Problem to work on: In the records that follow, the lines from the one containing "If you want to know" to the one containing "You'll get used", inclusive, are to be given again exactly.
-- Working data follows --
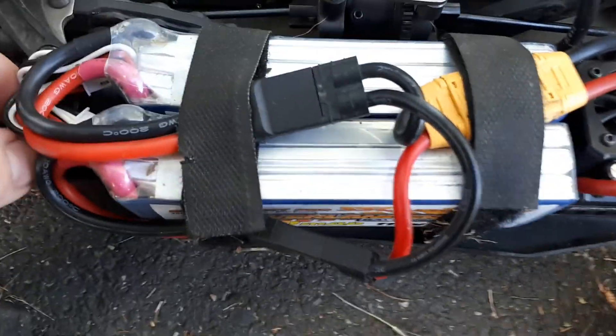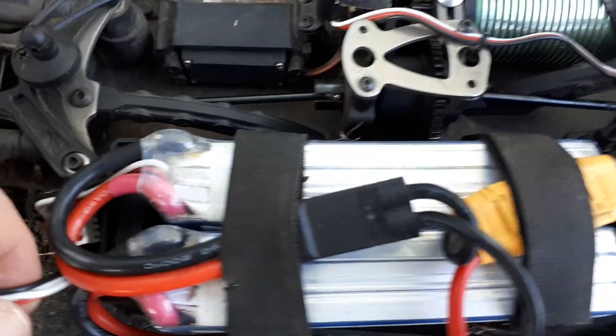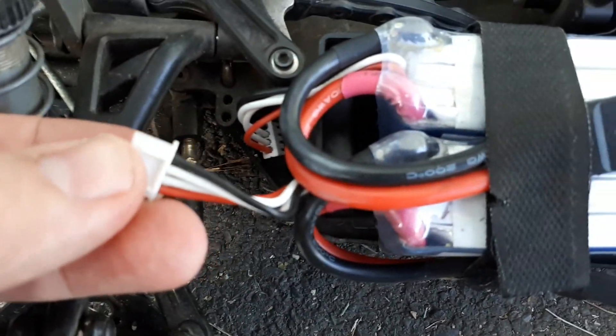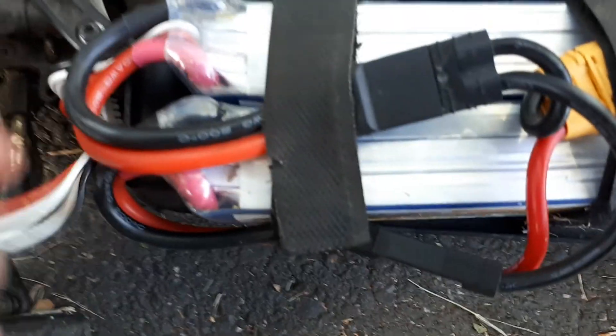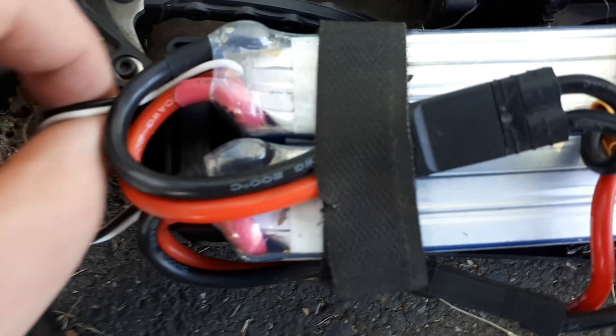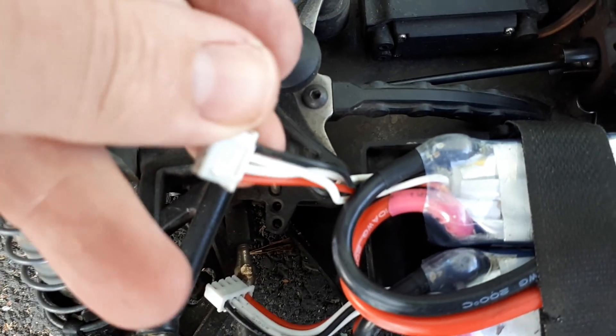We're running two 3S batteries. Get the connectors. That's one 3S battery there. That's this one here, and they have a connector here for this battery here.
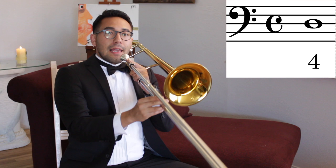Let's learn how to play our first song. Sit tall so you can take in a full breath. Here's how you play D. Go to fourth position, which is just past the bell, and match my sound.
-- Working data concluded --
-- Working data follows --
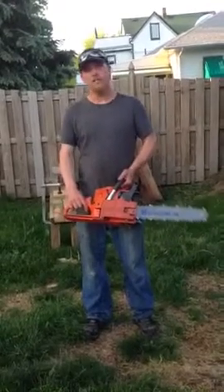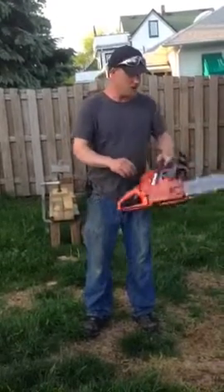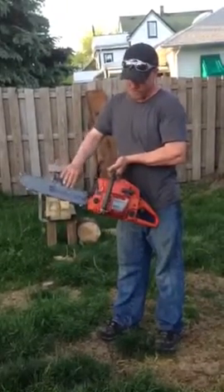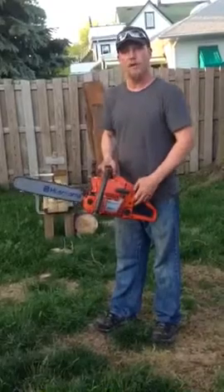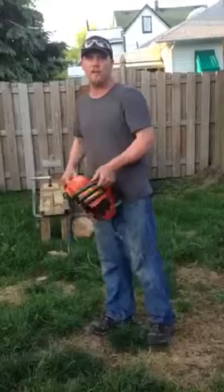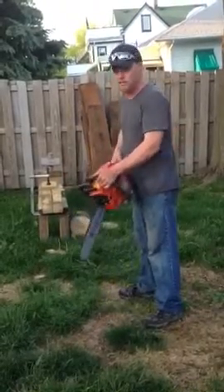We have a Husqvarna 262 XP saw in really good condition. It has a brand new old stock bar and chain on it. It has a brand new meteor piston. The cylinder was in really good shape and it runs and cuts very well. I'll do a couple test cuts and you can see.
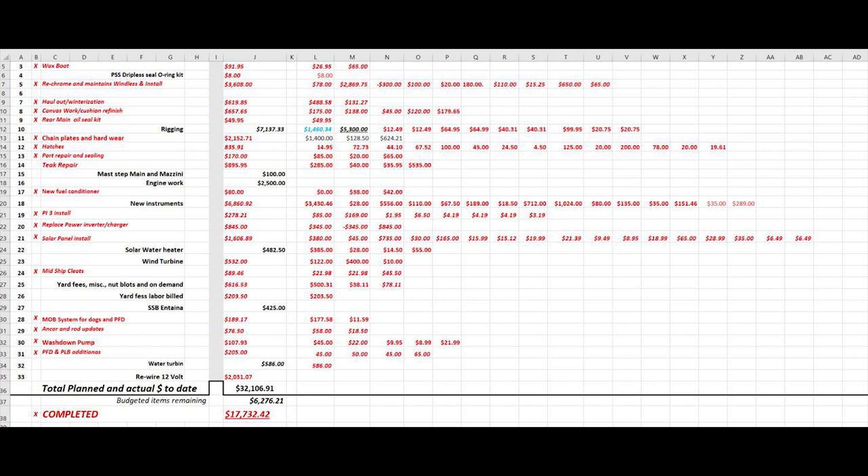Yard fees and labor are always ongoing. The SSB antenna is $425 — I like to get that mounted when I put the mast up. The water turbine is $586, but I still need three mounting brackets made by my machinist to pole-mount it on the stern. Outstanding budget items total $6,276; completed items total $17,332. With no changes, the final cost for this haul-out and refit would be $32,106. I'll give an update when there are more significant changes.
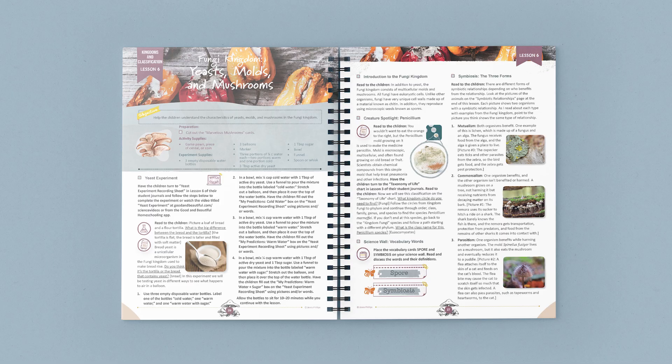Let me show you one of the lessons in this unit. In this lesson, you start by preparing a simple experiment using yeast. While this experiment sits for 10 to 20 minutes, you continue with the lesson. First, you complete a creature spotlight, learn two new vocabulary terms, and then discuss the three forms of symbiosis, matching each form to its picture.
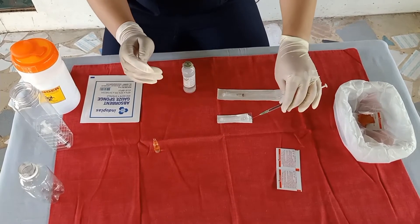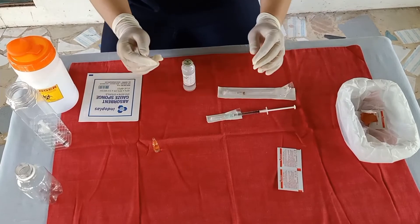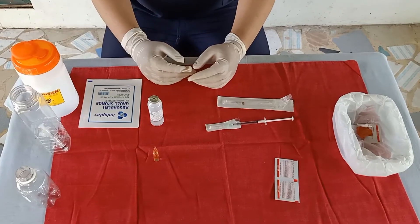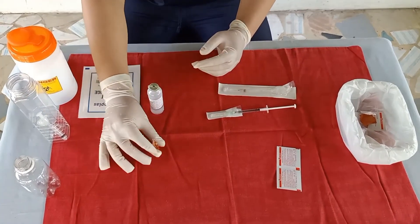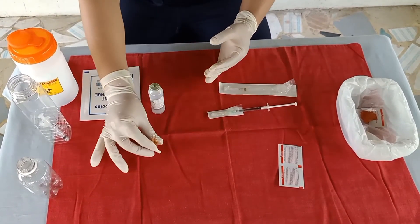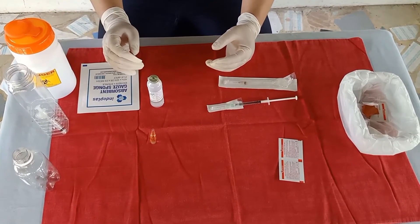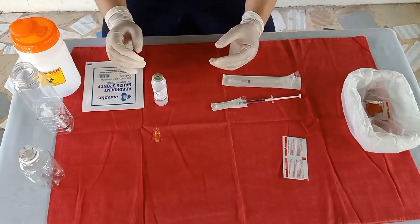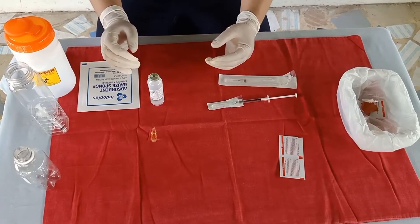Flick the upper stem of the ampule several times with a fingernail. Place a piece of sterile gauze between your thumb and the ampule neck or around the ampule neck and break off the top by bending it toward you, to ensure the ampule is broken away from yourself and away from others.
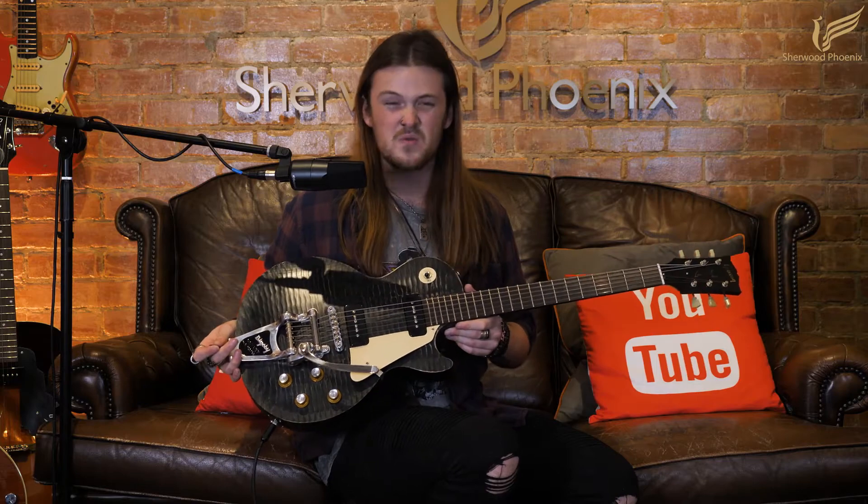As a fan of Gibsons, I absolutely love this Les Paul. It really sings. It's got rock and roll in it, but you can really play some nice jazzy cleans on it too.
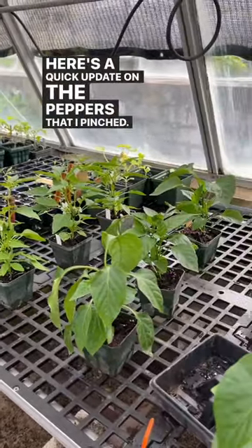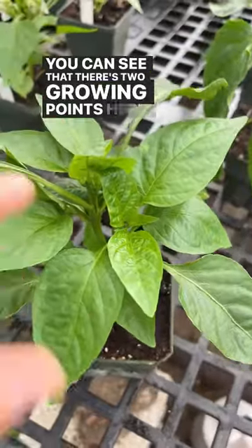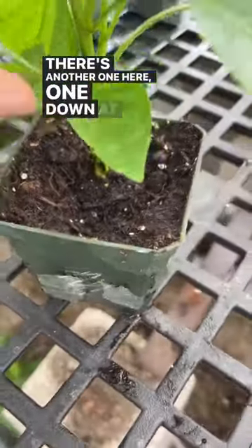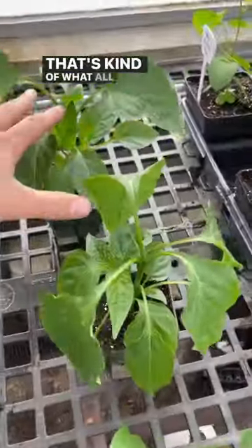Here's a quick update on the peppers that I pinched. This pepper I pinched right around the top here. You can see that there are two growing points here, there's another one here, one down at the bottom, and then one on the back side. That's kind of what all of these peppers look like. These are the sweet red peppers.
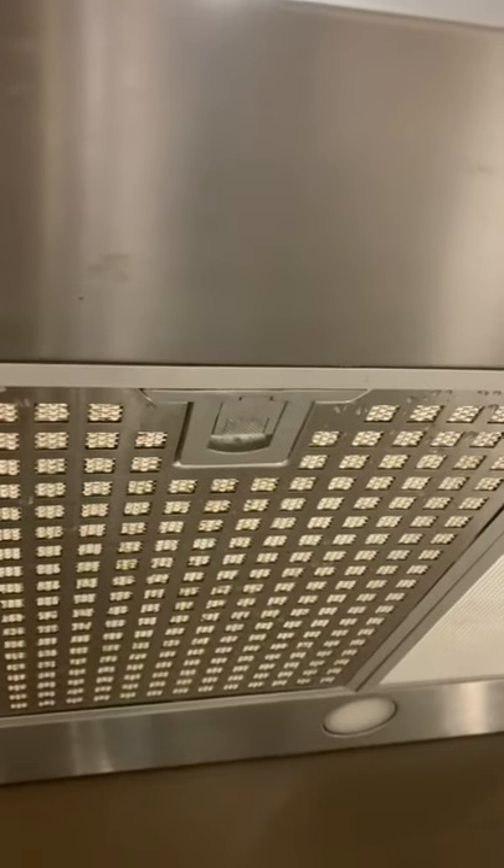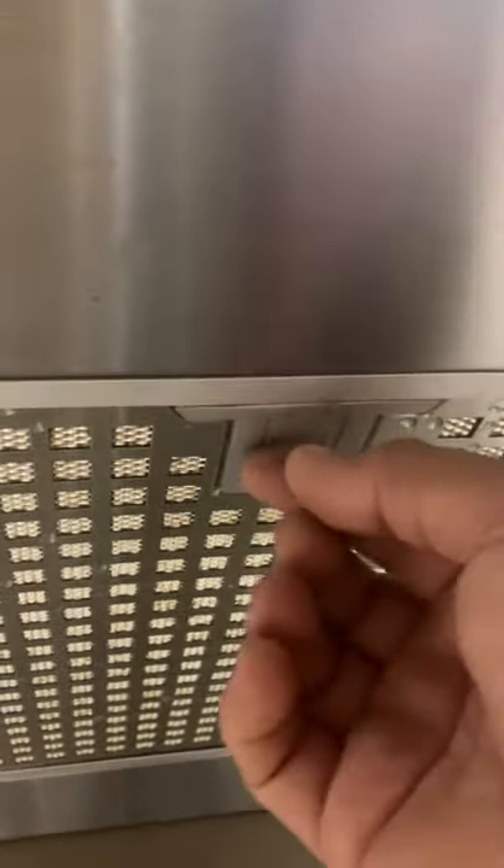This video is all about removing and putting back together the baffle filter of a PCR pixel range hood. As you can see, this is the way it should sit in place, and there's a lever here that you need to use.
-- Working data concluded --
-- Working data follows --
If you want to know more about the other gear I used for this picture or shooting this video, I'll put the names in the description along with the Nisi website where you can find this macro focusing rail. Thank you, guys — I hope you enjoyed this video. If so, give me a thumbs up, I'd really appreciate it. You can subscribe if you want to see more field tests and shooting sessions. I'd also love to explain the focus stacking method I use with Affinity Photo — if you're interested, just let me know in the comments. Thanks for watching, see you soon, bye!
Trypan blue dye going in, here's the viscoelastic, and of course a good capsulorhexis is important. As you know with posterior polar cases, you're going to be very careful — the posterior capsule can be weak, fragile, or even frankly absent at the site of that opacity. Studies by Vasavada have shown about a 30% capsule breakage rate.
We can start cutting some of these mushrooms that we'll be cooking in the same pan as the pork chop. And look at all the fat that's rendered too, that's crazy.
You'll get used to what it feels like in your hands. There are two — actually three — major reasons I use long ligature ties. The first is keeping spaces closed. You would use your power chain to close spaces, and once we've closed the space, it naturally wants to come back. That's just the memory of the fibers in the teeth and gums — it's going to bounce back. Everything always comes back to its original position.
-- Working data concluded --
Answer for the task:
If you want to know more about the other gear I used for this picture or shooting this video, I'll put the names in the description along with the Nisi website where you can find this macro focusing rail. Thank you, guys — I hope you enjoyed this video. If so, give me a thumbs up, I'd really appreciate it. You can subscribe if you want to see more field tests and shooting sessions. I'd also love to explain the focus stacking method I use with Affinity Photo — if you're interested, just let me know in the comments. Thanks for watching, see you soon, bye!
Trypan blue dye going in, here's the viscoelastic, and of course a good capsulorhexis is important. As you know with posterior polar cases, you're going to be very careful — the posterior capsule can be weak, fragile, or even frankly absent at the site of that opacity. Studies by Vasavada have shown about a 30% capsule breakage rate.
We can start cutting some of these mushrooms that we'll be cooking in the same pan as the pork chop. And look at all the fat that's rendered too, that's crazy.
You'll get used to what it feels like in your hands. There are two — actually three — major reasons I use long ligature ties. The first is keeping spaces closed. You would use your power chain to close spaces, and once we've closed the space, it naturally wants to come back. That's just the memory of the fibers in the teeth and gums — it's going to bounce back. Everything always comes back to its original position.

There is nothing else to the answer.